I am looking for a system for building state machines with timed/scheduled transitions, and with events that happen periodically during a given state. I can implement it myself, though I feel like this is a common enough requirement that there would be a category of software for it.
I don't need a library recommendation, vendor, etc. I just don't know what to call this thing, and thus what to google, because it isn't a "cron" and it isn't a "message queue". I don't know if such a server-side layer even exists currently, but I'm hoping to find an indication one way or the other. If this type of question is a reason for down votes and close votes, definitely indicate that, and maybe point me to another SE, or suggest improvements.
The application I have in mind is a timed video game "event" system, like those you might see in an MMORPG (periodic monster spawns, timed escalating waves, failure timer, scheduled event starts), or in a trivia bot (per-question timer, time between questions, round timer), etc. It won't be used for simulations, physics, etc, so I won't be throwing real-time (sub-second) granularity events at it.
The system I have in mind would be some sort of hybrid pub/sub and scheduling system, operating entirely server-side. It would be somewhat like a Javascript setTimeout
, except with a more reliable mechanism, probably with a 1 second resolution, and with the ability to pass parameters explicitly when you schedule the timeout.
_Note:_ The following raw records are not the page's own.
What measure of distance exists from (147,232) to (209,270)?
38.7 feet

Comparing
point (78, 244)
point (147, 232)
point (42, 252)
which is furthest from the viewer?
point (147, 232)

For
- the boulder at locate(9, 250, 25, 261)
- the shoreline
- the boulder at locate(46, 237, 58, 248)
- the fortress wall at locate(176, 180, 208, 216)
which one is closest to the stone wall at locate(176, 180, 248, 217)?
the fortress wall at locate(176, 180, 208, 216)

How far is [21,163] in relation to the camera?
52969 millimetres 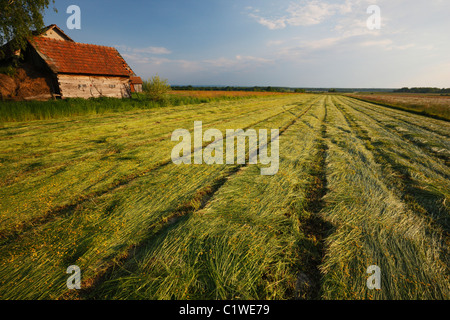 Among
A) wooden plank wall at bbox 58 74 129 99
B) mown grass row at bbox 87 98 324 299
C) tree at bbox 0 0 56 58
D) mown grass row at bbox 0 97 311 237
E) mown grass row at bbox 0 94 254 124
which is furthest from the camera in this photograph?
wooden plank wall at bbox 58 74 129 99

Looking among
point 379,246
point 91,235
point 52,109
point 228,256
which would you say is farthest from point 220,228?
point 52,109

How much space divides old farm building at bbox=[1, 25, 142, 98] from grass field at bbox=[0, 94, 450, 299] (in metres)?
14.9

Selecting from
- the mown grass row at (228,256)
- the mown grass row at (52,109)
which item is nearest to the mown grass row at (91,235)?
the mown grass row at (228,256)

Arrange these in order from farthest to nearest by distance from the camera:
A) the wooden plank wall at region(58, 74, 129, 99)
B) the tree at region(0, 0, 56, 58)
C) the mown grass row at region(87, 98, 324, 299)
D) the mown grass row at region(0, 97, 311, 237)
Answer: the wooden plank wall at region(58, 74, 129, 99), the tree at region(0, 0, 56, 58), the mown grass row at region(0, 97, 311, 237), the mown grass row at region(87, 98, 324, 299)

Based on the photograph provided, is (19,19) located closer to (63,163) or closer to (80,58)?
(80,58)

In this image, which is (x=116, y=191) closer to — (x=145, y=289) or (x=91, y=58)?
(x=145, y=289)

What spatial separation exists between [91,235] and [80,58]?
2199 centimetres

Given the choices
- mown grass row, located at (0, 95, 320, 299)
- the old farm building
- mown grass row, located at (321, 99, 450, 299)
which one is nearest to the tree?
the old farm building

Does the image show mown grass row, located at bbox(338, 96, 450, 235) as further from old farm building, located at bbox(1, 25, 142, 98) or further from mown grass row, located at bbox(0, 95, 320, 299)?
old farm building, located at bbox(1, 25, 142, 98)

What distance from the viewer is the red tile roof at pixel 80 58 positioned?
1513cm

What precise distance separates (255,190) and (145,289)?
93.6 inches

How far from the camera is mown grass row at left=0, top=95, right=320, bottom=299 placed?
5.89 feet

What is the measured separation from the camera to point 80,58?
668 inches

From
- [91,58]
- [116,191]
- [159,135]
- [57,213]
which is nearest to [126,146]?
[159,135] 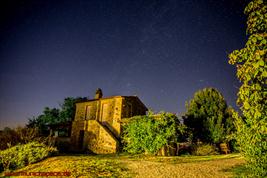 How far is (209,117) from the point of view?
2008 centimetres

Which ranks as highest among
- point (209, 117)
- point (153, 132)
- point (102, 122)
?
point (209, 117)

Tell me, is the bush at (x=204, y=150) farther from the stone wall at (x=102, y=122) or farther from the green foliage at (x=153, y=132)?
the stone wall at (x=102, y=122)

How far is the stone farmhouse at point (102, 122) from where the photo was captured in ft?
61.4

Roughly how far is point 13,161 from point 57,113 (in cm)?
3162

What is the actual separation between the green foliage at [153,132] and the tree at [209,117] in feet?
16.1

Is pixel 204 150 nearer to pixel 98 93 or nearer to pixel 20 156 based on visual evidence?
pixel 20 156

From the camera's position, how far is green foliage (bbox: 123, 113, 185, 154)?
1418 centimetres

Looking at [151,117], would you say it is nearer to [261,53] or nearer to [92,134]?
[92,134]

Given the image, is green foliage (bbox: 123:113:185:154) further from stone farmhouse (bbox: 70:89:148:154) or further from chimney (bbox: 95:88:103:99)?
chimney (bbox: 95:88:103:99)

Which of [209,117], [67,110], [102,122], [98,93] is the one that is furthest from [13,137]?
[67,110]

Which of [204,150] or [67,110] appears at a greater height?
[67,110]

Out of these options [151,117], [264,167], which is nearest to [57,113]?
[151,117]

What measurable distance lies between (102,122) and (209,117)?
12510 millimetres

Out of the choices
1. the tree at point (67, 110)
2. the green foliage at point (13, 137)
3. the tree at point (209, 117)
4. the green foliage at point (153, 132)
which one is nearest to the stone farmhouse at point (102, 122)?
the green foliage at point (153, 132) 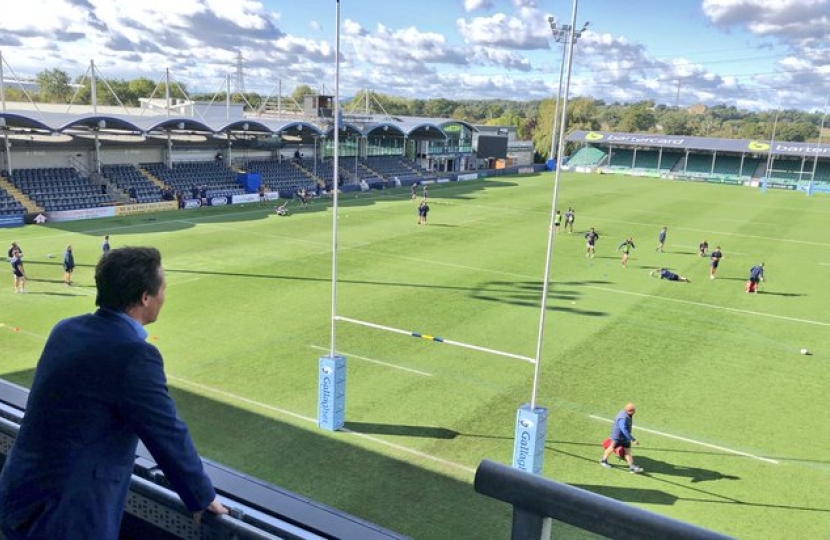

It probably would also have some sort of global monitoring for ops purposes, and maybe would have some sort of support for scaling to multiple systems.
I don't know if I will need to roll my own, or if there are more generic systems that already do what I want them to do. I would prefer to use an existing system if possible. There is some common server tech that is similar, but I don't think it quite does the job.
The system I want operates sort of like Cron, with these exceptions:
- It should be function callback/micro-process oriented rather than shell oriented.
- Tasks should probably be executed in a delegate sub-process pool, or in-process of the daemon, rather than spawning a new process per task.
- It should have a resolution of 1 second (or smaller)
The system I want also operates sort of like a message or task queue, with these exceptions:
- It should allow for periodic tasks (already possible in some queues, I think)
- It should support parallel execution for tasks that are scheduled for a given tick, rather than sequentially running them off a queue
- It shouldn't expect tasks to be long-running, and shouldn't build its interface for long-running tasks
- It should be just as easy to make recurring tasks as one-off tasks, without having to build task-chaining glue
- I should be able to cancel scheduled tasks easily and quickly
- Robustness of preserving and guaranteeing task execution is not a priority over per-task overhead. Vertical and horizontal scalability is way more important than carefully preserving data (at this layer)
- Tasks should probably be able to share state at some level (so that IPC and task execution latency/overhead is minimized)
- If the system supports horizontal scaling, I should be able to give grouped tasks an affinity so that they are executed off the same shared state, rather than sent to an arbitrary worker in a pool
My preferred programming platform is python, but I would be fine with a stand-alone system in any language that allows for low-latency server side IPC over a standard protocol, so I can use my server-side language of choice. I'd also be fine with a system that specifically integrates with popular server-side languages, as my task implementations are likely to be a pretty small portion of my larger system.
Having a built-in ability to optionally send events to clients in a push style would also be cool, but definitely does not have to be part of this library or layer.